• Exercise goal: Copy out exactly, from the entries that follow, the line holding "Small Rock Hoop Earrings", the line holding "Cheryl with contestants", and all lines between them, but no pictures.

• Dataset entries:
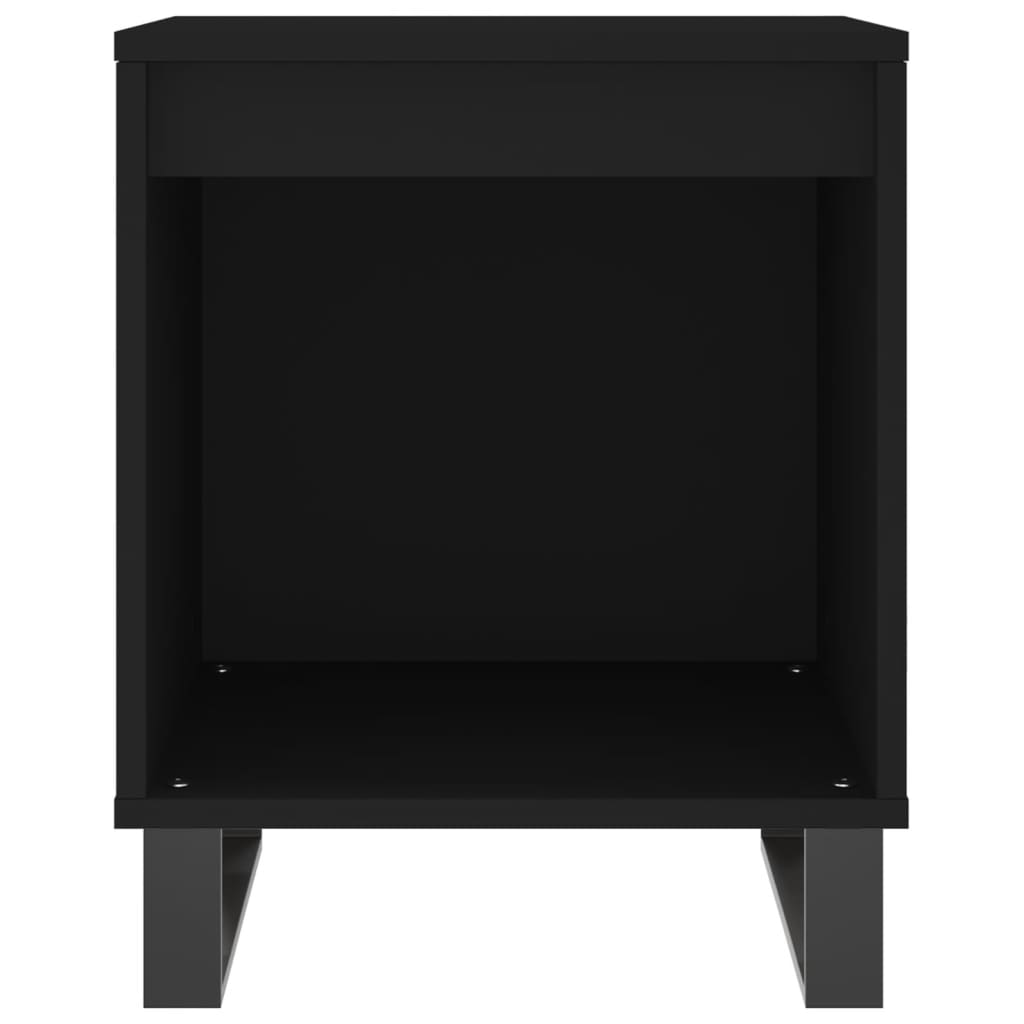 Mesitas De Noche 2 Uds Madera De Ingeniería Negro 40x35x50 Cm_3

...

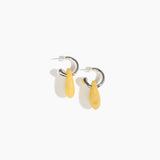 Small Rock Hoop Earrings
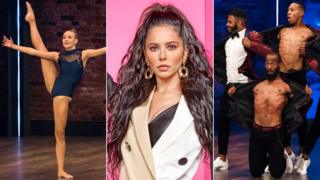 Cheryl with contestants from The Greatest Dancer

• Result:
 Small Rock Hoop Earrings
 Cheryl with contestants from The Greatest Dancer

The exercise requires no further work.